For residential work , I would normally use a 100 amp CB for # 4 copper . Not a 125 amp CB .

Wyr
God bless

oil pan 4 06-20-18 12:26 AM

I only run copper around here because the inspectors take an extra close look at any aluminum wiring that runs inside finished walls. They get out their box and start doing calculations and stuff.
If they saw 4ga on a 125 amp breaker they may not even bother to question it.

This is for a dedicated welder circuit.
NEC 630.11 I think is the one.
Because welders are intermittent variable loads, depending on the welding machines I could as much as double the breaker size over what's normally installed on a given wire size.
I could go as little as 6 gauge on a 100 amp breaker.
But I run my welding circuits to be at least 50% duty cycle for the wire size. Running my miller model 250 which is about out the size of an apartment refrigerator and weighs 360lb, at full power draws about 100 amps. 100 amps on 4 gauge wire is about a 80 or 90% duty cycle. My welder is rated for a 40% duty cycle at full power. If some how I ran the full 125 amps on that 4 gauge line it would be good for about a 60% duty cycle.
A welding machine that would draw 125 amps at a 60% duty cycle would be a machine about 2 class sizes bigger than what I have now. Those welding machines are typically used to build bridges, skyscrapers, power plants, ships, oil rigs.

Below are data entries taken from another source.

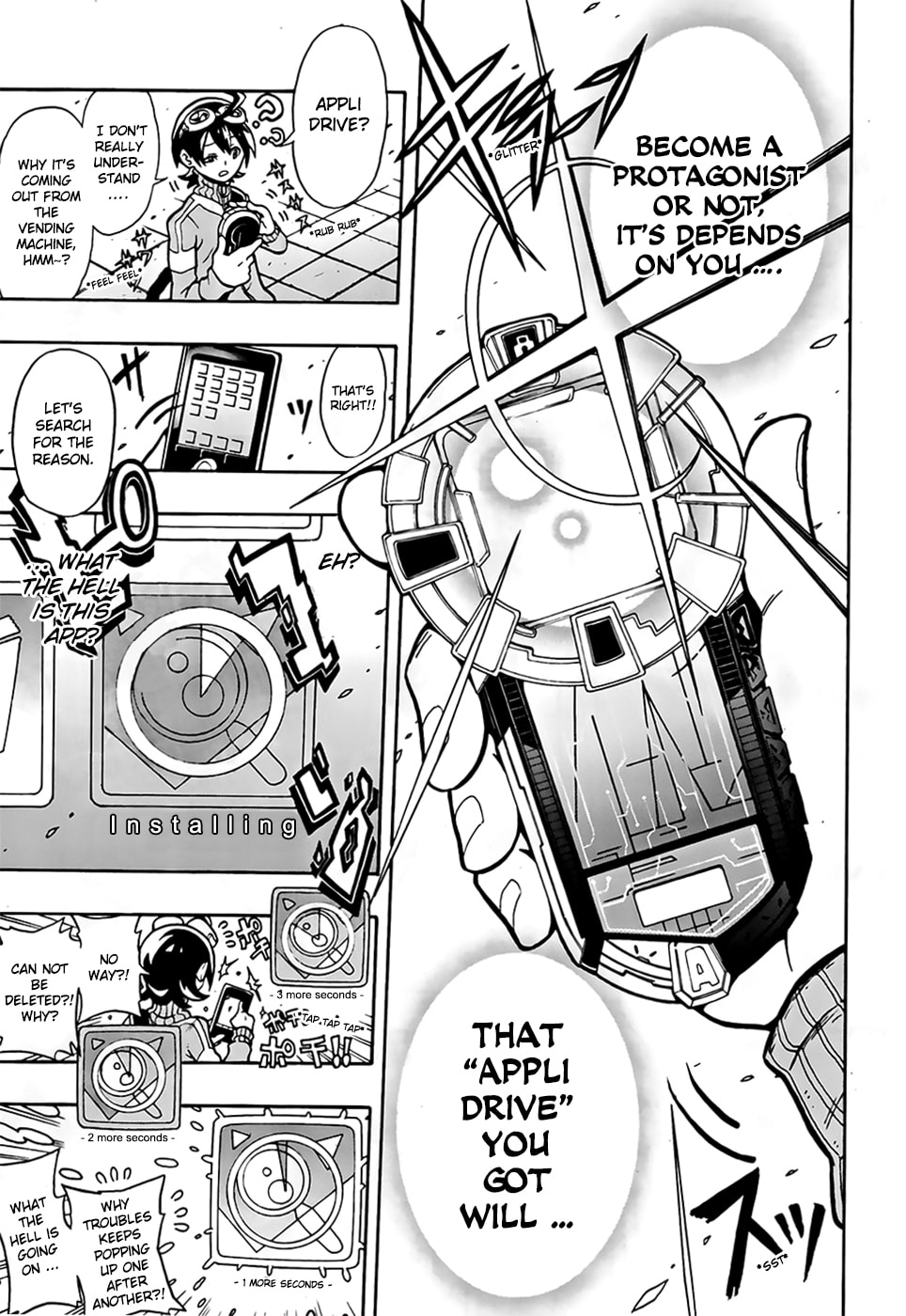 Protagonist Launched!! page 10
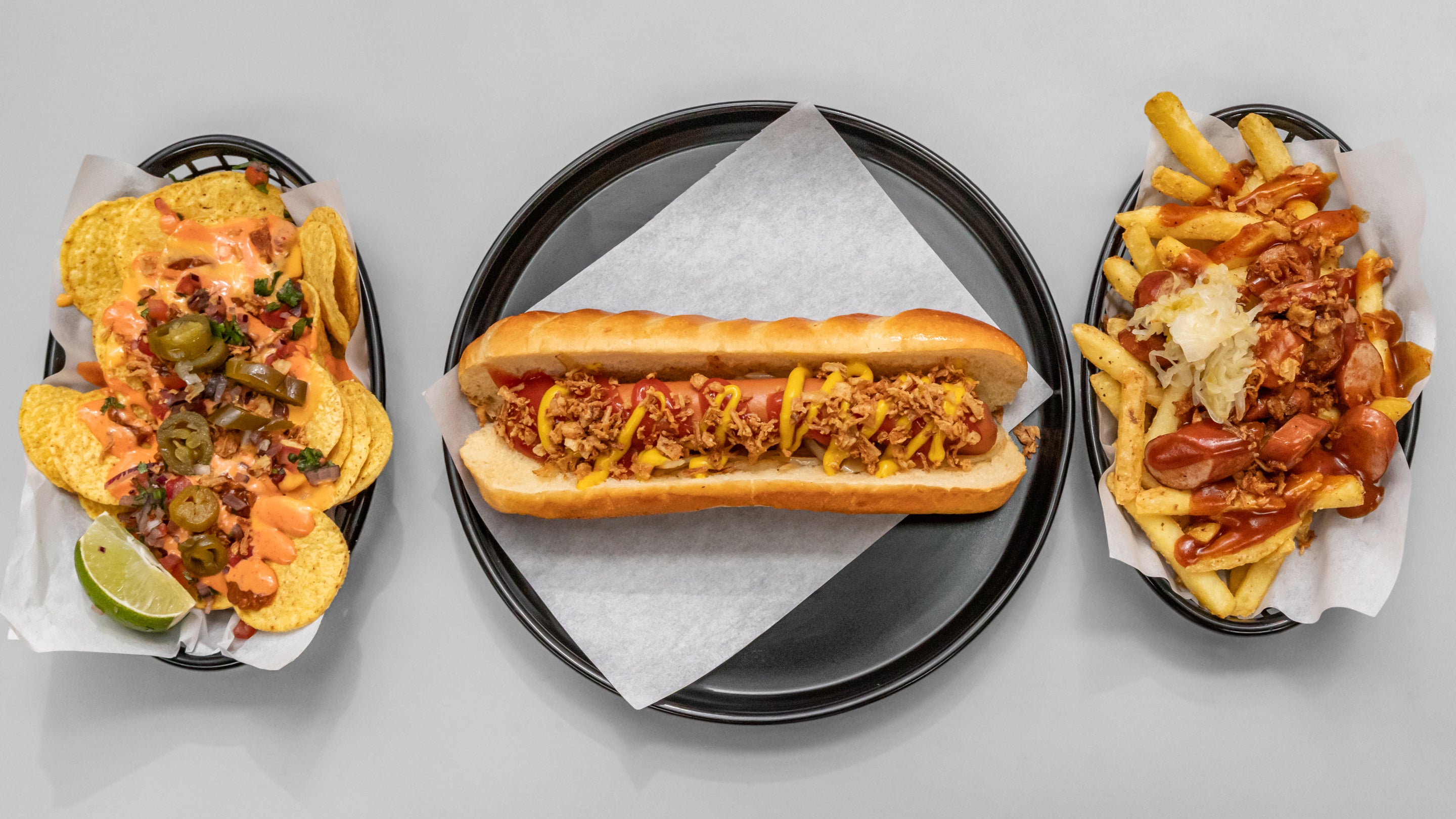 Hungry Dogs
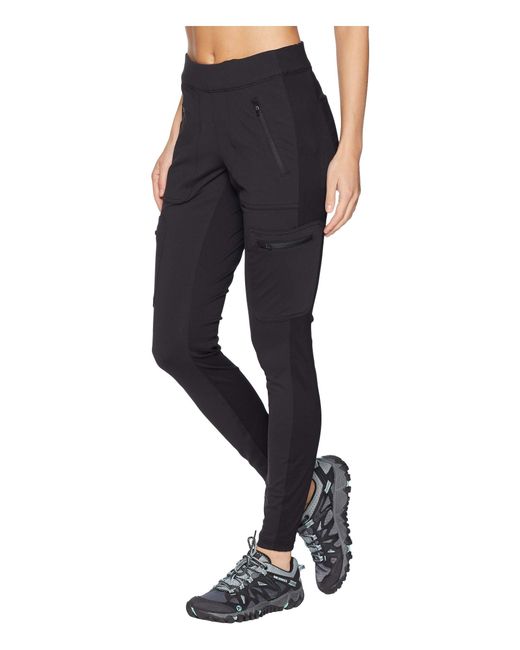The North Face Synthetic Utility Hybrid Hiking Tights in Black - Lyst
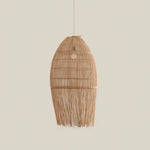 Rio De Janeiro Rattan Pendant Light - Home and Soul Dubai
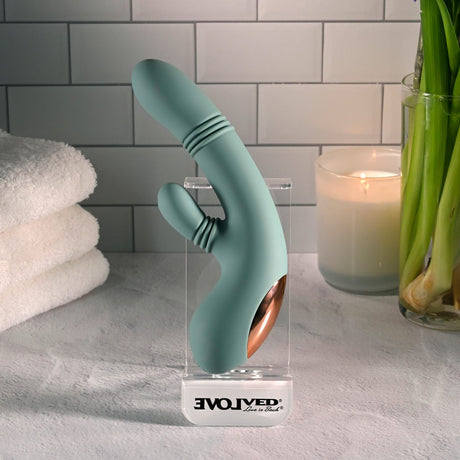 Evolved Rub Me Tender Gyrating & Thrusting G-Spot Vibrator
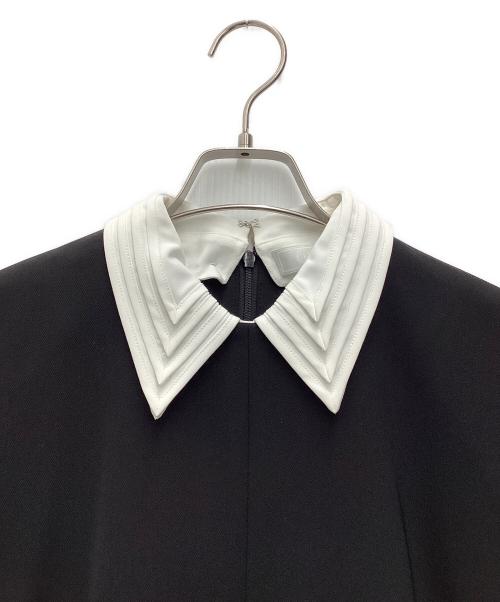 CELFORD（セルフォード）CELFORD (セルフォード) ノースリーブワンピース ブラック サイズ:SIZE 38の古着・服飾アイテム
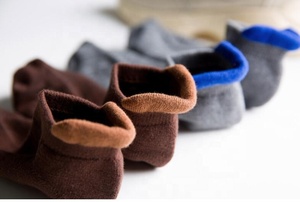 Chaussettes de sport unisexes professionnelles invisibles avec soutien de la voûte plantaire, antidérapantes, respirantes, pour la course et la gym - Product Image 3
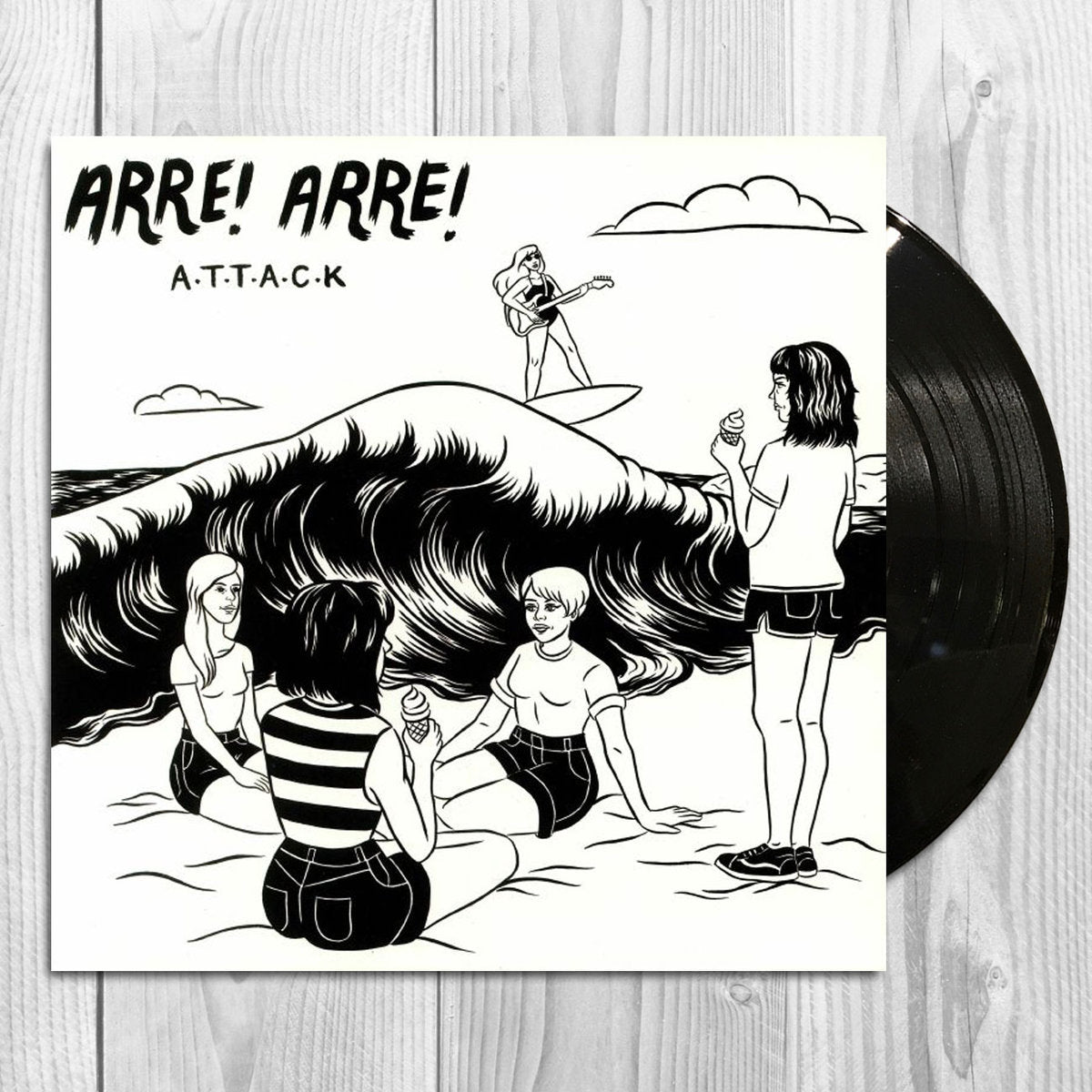 Arre! Arre! - A.T.T.A.C.K (vinyl)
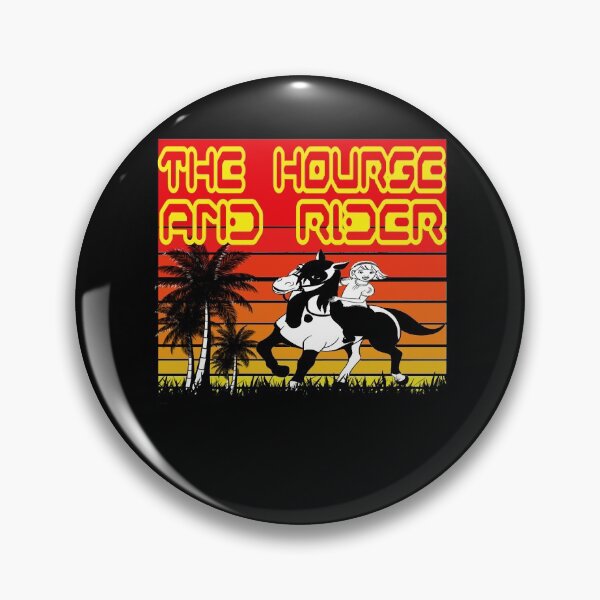 Item preview, Retro The Hourse And Rider Idol Gifts Fot You designed and sold by Profakeempagaci.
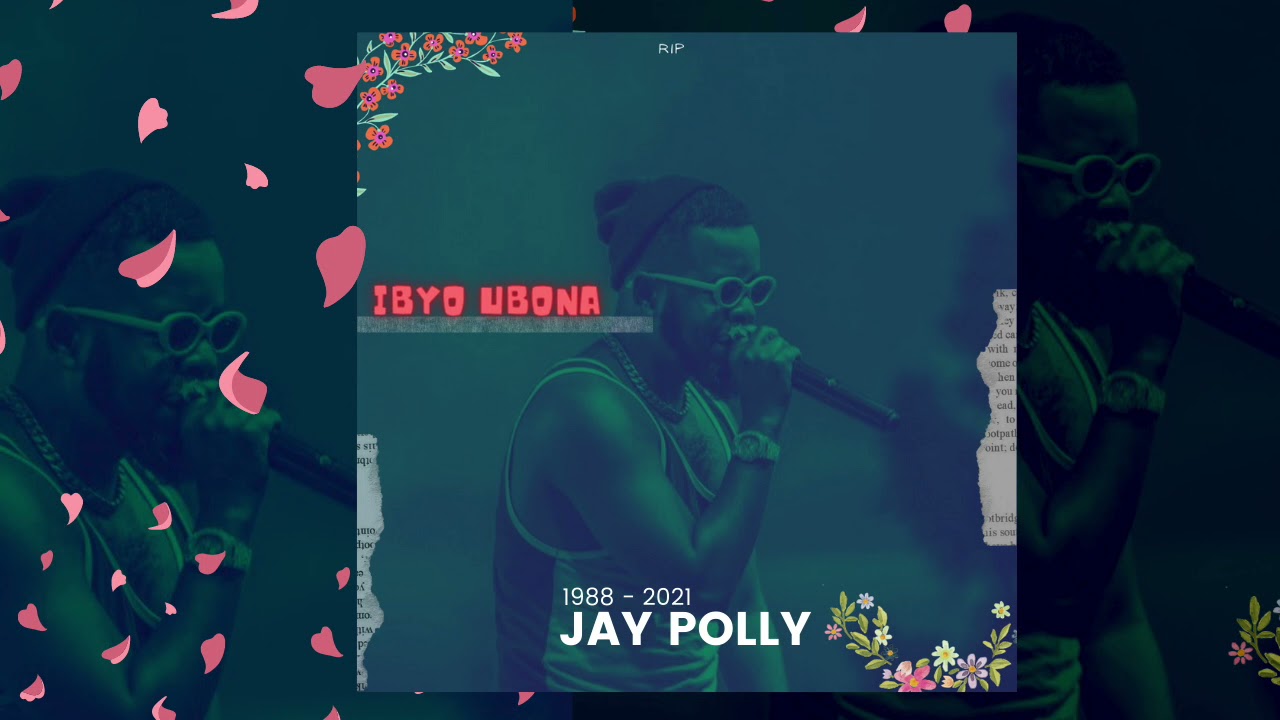 Jay Polly - Ibyo Ubona (Official Audio)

When I move I will pull the 125 amp breaker off that welder circuit and put in an 80 or 90 amp breaker and relabel it "electric vehicle charger ".

WyrTwister 06-20-18 03:05 AM

When I installed our electric vehicle charger for our Nissan Leaf ( that we had before it got run into and totaled ) , I ran # 6 copper & put it on am 2 pole 40 amp CB . It was fused , internally , with 40 amp fuses .

We run only copper .

Wyr
God bless

oil pan 4 06-20-18 07:00 AM

My hard wired charger will likely be 8 gauge ran on a 40 amp breaker also. I have the slow charging 2011 leaf, it will only draw 16 amps max with my after market 3.8kw charger. That 40 amp circuit will be incase I upgrade to a vehicle and charger that can do 6.6kw charging.
My other EVSE is the original 12 amp nissan brick charger converted to 240v by me.

WyrTwister 06-20-18 08:01 AM

I could have used # 8 Romex , but I had # 6 left over from another job .

I installed the GE Wattstation . It was just about the cheapest " full power " level 2 device I could find .

Ours was a 2012 Leaf . Still with the 3.8 kw charging rate , also .

Wyr
God bless

oil pan 4 06-20-18 03:55 PM

Did you ever amp clamp that 2012 leaf while charging?

WyrTwister 06-20-18 05:28 PM

I do not think so . At least I can not remember doing so .

Wyr
God bless

WyrTwister 07-23-19 08:02 AM

What size / amperage circuit breaker ?

Wyr
God bless

oil pan 4 08-06-19 06:53 AM

My main charging circuits at home are two seperate 20 amp, 12/3 with ground romex cables going to 6-20 amd 5-20 combination duplex receptacles. That way when I'm not charging I can use them for any normal 120v activity.
Then I have 30 and 50 amp RV circuits at my away locations. They are dedicated circuits that run outside to an RV box with a L14-30, 10/3 with ground and a 30 amp breaker.
The one 14-50 is wired on 50 amp with 6 gauge, so my buddy can use his little stick welder.

Then if 20 amp circuits become too small my welding circuit at home is ran on 4 gauge so it can handle anything.
I could charge like 6 cars at my house if most of them used 12 or 16 amp evse chargers.